2007年01月15日

四十にして惑う

 かんべえさんの受け売りですが、1990年代に塩野七生さんが「若き過激派」(エッセイでは「アウグストゥス」がこの中から出てくるのだろうかという好意的な評とともに、「カエサル」はいずこという辛口な評価もされていますが)と評した当時の30代の人たちに残した言葉を引用します。無断引用ですが、かんべえさんにはお許し頂ければ、幸いです。

 年をとることは可能性を失ってゆくこと。可能性がなくなってゆくと、「40にして迷わず」ということになる。50にもなると、可能性はもはやひとつくらいしか残ってはおらず、それでは悲しいからというので「天命を知る」などと称する。

 ふと、このあたりが頭にあって、考え込んでいたのですが、困ったことに、私は成長が遅いようです。「アメーバ人間」と「つまらない人」は誤読されてしまった可能性がありますが、要は本業で意思決定をする際にスタイルが確立していないことに危機感を感じるとともに、これが個性なのかなあと自信のない「寝言」を書いていたわけです。他方で、加齢とともに知力・体力ともに元々、たいした水準ではないのにさらに低下を感じて嫌になります。

 らくちんさんが「40代」という記事の中で30代の特徴を描いていて、世代論には同意しかねるのですが、責任ある地位につくと鬱になる傾向というのは30代に限らないと思うのですが、理解できる部分があります。簡単に言ってしまうと、「信仰」や「空気」の問題というより、物事の軽重判断を避けようとする傾向があるということだと思うのです。実社会での軽重判断というのは、私の頭が悪いだけかもしれませんが、あるところまでくると、「えいやあ」であり、「こんなもんやろ」(なぜかこういうときに関西弁は便利ですね)と開き直るしかないのだろうと思います。これに耐えられない30代というのは「アイデンティティ」がどうとかという高尚な話なのではなくて、単に未熟なのだろうと。さらに開き直ると、ざっくりこれまでの40代の方が「四十にして惑わず」という域にあったとするならば、これから30代から下の世代は「四十にして惑う」人が増えてくることを覚悟する必要があると思います。フリーターから始まってニート経由「ワーキングプア」の問題を考えるときに、迷った末に好ましくない選択肢を選んでしまったという問題を無視しているのはちょっと解せない部分があります。
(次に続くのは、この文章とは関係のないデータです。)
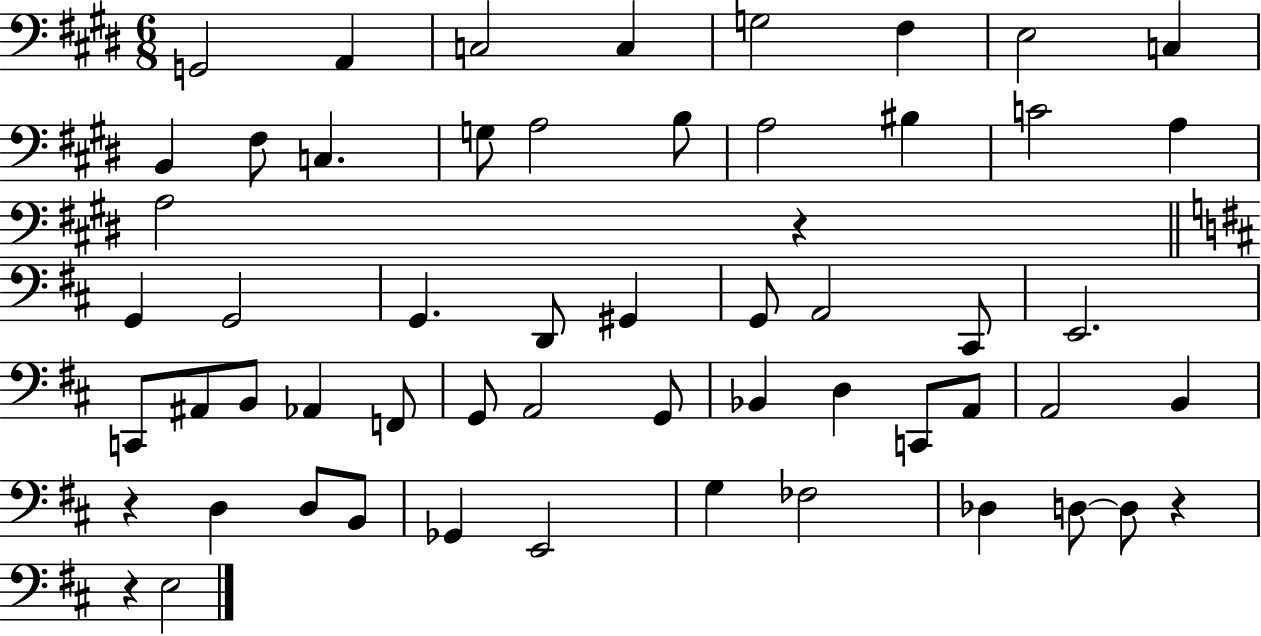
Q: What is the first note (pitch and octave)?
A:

 まあ、私も年齢とともに、「えいやあ」をやる部分が増えてきて、「こんなもんでしょ?」と迷うことが多くなりました。さらに困ったことに、ただでさえ悪い記憶力がさらに悪くなって迷ったこと自体を忘れてしまいます。これでは学習という基本的なことができていない。困ったことです。「アメーバ人間」というのは、けっして誉められた話ではないのです。さらに困ったことに、この状態がくたばるまで続きかねない危険があります。自己弁護をしておくと、過去の経験則が環境変化でどんどん崩れている印象があります。もちろん、すべてが崩れてしまえば、かえって楽になるのですが、コロコロ変わるものから、変わらないものを峻別するのが困難な時期に入りつつあるように感じます。「アメーバ人間」というのは、精神科の先生からすれば「多重人格」となるのかもしれません。私の場合、多重人格というほど複雑ではなく、単に自分の欲求に素直なだけである気がします。ちょっとだけカッコをつけると、「日の下には新しいものは一つもない」というところから出発すると、「日の下には新しくないものは一つもない」のです。もちろん、それが環境への適切な適応であるのかは、私自身が一生をかけて探求して行くのでしょうが。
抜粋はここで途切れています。